XDR measurements showed that AlSi10Mg metallic sheets produced by AM technology have only compressive residual stresses on the top and bottom sheet surfaces with a maximum average magnitude value of −92 MPa. However, when these metallic sheets are subjected to SPIF post-process, the magnitude of these stresses change from compressive to tensile values on the inner surface because of bending effects that could initiate part fracture due to meridional stresses. We have also found that the maximum value of the stretching strain occurs for the forming sample depth of 9.5 mm close to the necking formation region for which the material reaches its forming limit. Moreover and during SPIF post-processing of the metallic samples, it was found that after 12 mm of sample forming depth, small cracks appeared on the surface specimens mainly due to AM microstructural defects such as pores and overlapping melting pools that hinders their formability limits. Some defects were observed close to the meridional failure region of the truncated pyramid.

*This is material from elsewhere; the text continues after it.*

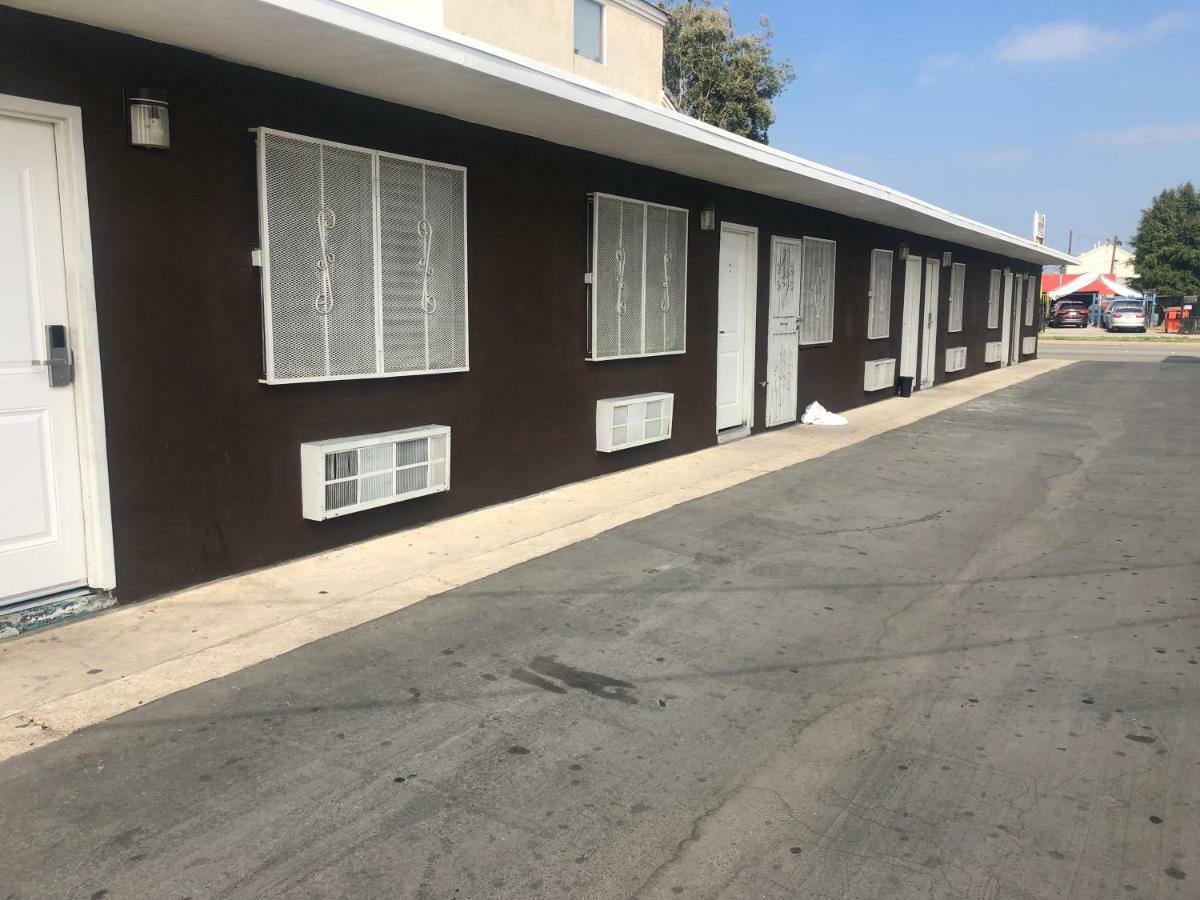 Mi Casa Motel Lynwood Exterior photo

At this forming depth, the maximum true stress magnitude value is about 230.23 MPa, which is closed to the material yield stress value of 275 MPa. The experimental samples had sufficient strength to withstand the forming forces that were acting upon them during the SPIF process without failure until they reached a forming depth average value close to 12 mm. However, if sample defects are removed by adjusting the AM parameters and by subjecting the printed metallic parts to the hipping process (hot isostatic pressing for additive manufacturing densification), an increase in the forming depth and fatigue strength will be possible. Therefore, it is concluded that if a part built by metal AM technologies is to be used, a careful examination of its mechanical properties needs to be done before moving it into certification process and full product service. In this sense, this study provides information regarding the variation of residual stresses on the inner and outer surfaces of the metallic samples, and how their magnitude values vary during the SPIF post processing of the fabricated parts in an attempt to emulate their structural response if these are further subjected to external loads during their service life.